It is indeed very hard to change the current definition of scan as it would completely break existing code. Changing the naming convention could be the way to get around the problem (and indeed depreciating scan()
). Additionally, if we want to keep some form of consistency, it would also be needed to change the name of fold()
(and depreciate the current one). Here's a proposal :
fold_seed() // currently: fold()
fold_first() // currently: fold_first(), no change here
scan_seed() // no method in rust
scan_first() // no method in rust
filter_scan_seed() // no method in rust
filter_scan_first() // no method in rust
scan_seed_while() // currently: scan()
scan_first_while() // no method in rust
Obviously, not all of them are not needed. Some of them can be easily expressed using other ones (see the Wikipedia article above for details). Some of them have very few practical use and might not need to be implemented in Rust.
Though, I strongly agree with the original concern of the issue : having as the only available implementation of scan the one we currently have is quite terrible : more often than not, the "end scanning when F returns None
" behavior is unrevelant for the current use case and sometimes it's even getting in the way of what's being done, resulting in quite unreadable code like the one described by @mydogisbox or even worst if you're trying to achieve a filter_scan()
.
PS : I'm not sure how "seeded" and "first-seeded" relate to "inclusive" and "exclusive" scanning/folding. It seems to me that they're different concepts, and the Wikipedia page seems to disagree with me but in a very unclear way, so I chose not to confuse the two. They might be the same thing, IDK
@Mayt38 great points!
I was trying to implement a function which accepts an iterator and reduces adjacent repeating elements into only one element. Say we have [1, 1, 2, 3, 4, 4, 5]
, and I want the output to be [1, 2, 3, 4, 5]
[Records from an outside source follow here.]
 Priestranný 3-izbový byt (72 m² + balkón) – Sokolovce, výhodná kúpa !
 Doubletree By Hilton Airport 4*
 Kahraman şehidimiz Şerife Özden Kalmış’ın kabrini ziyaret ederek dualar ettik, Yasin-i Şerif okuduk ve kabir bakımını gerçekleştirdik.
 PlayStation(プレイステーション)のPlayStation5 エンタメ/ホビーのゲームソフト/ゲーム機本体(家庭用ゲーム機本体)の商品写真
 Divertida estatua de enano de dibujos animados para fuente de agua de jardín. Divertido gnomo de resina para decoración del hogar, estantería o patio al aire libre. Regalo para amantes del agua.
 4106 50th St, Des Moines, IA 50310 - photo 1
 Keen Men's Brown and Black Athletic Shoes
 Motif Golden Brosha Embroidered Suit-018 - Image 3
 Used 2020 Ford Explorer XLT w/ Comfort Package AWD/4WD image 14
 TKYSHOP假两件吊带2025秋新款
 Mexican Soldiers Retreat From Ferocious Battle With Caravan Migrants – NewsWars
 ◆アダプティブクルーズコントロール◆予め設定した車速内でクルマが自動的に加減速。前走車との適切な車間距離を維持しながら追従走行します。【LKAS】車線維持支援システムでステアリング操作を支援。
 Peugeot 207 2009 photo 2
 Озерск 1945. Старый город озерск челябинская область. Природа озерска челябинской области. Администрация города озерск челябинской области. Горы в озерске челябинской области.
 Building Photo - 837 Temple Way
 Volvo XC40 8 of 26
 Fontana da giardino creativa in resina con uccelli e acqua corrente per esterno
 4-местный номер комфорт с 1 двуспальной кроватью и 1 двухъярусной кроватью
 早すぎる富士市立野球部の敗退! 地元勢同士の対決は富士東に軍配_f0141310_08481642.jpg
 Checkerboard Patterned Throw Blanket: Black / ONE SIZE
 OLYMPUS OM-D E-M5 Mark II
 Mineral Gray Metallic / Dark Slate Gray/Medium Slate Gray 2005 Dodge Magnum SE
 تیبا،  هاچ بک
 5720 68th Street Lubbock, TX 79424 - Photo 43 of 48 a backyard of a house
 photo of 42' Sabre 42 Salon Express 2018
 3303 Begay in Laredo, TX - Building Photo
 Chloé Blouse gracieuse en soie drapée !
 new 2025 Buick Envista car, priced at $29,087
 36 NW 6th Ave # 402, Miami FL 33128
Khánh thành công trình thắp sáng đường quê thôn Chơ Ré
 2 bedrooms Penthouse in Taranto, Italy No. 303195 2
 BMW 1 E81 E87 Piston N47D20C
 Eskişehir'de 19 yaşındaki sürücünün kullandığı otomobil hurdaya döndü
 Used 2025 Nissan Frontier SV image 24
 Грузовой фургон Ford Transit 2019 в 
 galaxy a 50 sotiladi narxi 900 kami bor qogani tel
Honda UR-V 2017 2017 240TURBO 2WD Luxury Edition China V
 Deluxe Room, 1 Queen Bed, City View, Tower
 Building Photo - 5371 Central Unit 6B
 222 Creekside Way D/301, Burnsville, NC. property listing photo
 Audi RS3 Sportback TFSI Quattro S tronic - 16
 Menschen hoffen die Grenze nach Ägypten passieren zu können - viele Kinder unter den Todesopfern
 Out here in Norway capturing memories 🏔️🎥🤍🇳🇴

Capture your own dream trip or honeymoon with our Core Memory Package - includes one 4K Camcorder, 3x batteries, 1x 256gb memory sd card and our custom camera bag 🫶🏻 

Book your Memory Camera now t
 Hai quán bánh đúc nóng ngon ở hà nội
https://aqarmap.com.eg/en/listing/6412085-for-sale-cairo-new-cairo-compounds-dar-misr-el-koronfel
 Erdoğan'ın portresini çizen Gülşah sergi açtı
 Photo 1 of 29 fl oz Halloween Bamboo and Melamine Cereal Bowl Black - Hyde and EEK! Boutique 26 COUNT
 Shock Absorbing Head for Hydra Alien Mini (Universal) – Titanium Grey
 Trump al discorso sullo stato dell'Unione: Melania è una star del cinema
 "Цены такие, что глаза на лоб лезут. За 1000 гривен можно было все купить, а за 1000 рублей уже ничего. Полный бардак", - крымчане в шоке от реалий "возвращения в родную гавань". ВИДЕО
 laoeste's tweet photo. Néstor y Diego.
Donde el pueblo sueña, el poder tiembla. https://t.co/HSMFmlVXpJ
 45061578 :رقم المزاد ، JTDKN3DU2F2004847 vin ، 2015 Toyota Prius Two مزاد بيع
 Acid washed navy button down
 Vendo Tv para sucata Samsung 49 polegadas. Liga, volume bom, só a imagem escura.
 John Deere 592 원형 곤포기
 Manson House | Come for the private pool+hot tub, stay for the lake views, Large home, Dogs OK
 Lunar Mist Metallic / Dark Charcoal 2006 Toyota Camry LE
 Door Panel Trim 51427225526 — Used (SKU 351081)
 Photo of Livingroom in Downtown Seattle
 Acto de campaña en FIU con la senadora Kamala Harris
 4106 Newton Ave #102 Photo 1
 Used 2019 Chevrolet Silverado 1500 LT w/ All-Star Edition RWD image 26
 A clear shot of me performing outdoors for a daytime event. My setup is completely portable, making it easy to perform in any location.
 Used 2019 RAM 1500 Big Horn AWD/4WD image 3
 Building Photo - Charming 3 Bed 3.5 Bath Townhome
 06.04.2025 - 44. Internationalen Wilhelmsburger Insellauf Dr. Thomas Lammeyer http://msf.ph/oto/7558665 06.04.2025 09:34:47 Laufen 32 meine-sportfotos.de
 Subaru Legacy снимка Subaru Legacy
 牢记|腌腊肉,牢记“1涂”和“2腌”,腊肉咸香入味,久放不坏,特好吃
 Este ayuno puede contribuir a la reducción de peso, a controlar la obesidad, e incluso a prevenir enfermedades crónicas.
. I found that I had to resort to the nested Option
solution. I really think that it is a great point that we should have scan not fusing the iterator. The current implementation violates the Single Responsibility Rule and really leads to confusion in that it behaves different from the common scan
's as in other languages.
Besides the fact that the current scan
should actually be called scan_filter
, I don't like that the closure takes a mutable reference. Aren't iterators all about avoiding mutability?
The proposed scan
(without _while
) would be equivalent to
let mut state = init;
iter.map(move |x| f(state, x));
This is at least as simple and pretty as scan
(map
and its closure both take one argument while scan
and its closure require two arguments which might get ugly), and more importantly, it doesn't hide the fact that there is some kind of mutability. Maybe that's a reason why a "simple" scan never made it to the standard library. However, after introducing map_while
, the current scan
could also be replaced in this way. In my opinion, scan
becomes quite useless.
Let's consider Haskell's scanl
. It is very similar to folding but it preserves all intermediate accumulator states and creates a new list of it. Implementing this in Rust gets more complicated.
First try:
let mut state = init;
iter.map(move |x| {
state = f(state, x);
state
}))
...but this does only work for copy types and it differs from Haskell's scanl
: The first item of scanl
's resulting list is always the init
element (so that it has one more item than the original list).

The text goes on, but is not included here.